- _WHAT YOU NEED TO DO_
Exactly as they stand, repeat the lines from the one containing "Купить кондоминиум в" through the final line of the listing, both ends included, and nothing else; skip the pictures.

- _EXTRACTED INFORMATION_
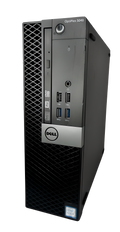 Dell Optiplex 3050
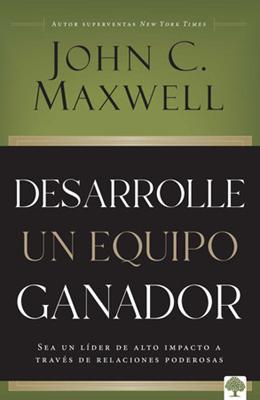 Desarrolle un Equipo Ganador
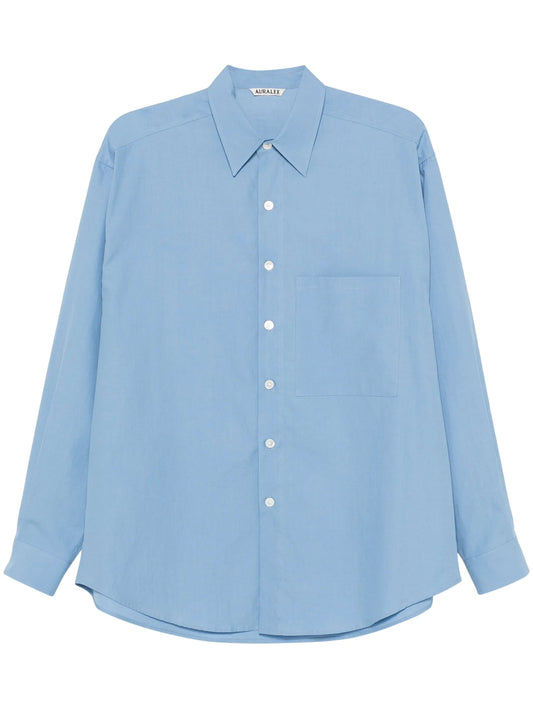 cotton shirt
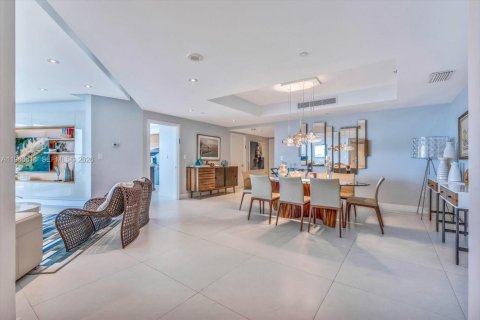 Купить кондоминиум в Авентура, Флорида 3 спальни, 268.49м2, № 2051794 - фото 13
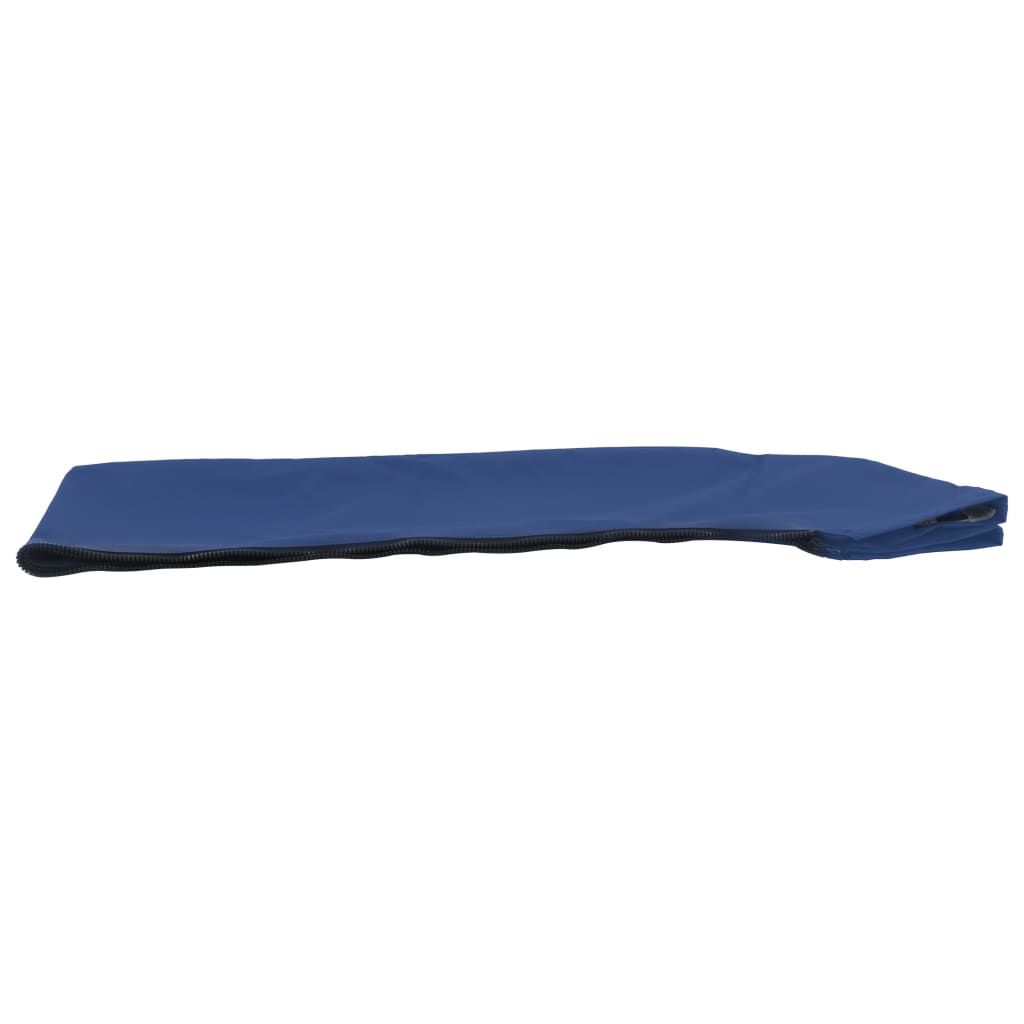3-Bow Bimini Top Blau 183x196x137 cm - Premium Bootspersenninge & Bootsplanen - Just €196.87! Shop now at homesales4u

- _EXERCISE SOLUTION_
 Купить кондоминиум в Авентура, Флорида 3 спальни, 268.49м2, № 2051794 - фото 13
3-Bow Bimini Top Blau 183x196x137 cm - Premium Bootspersenninge & Bootsplanen - Just €196.87! Shop now at homesales4u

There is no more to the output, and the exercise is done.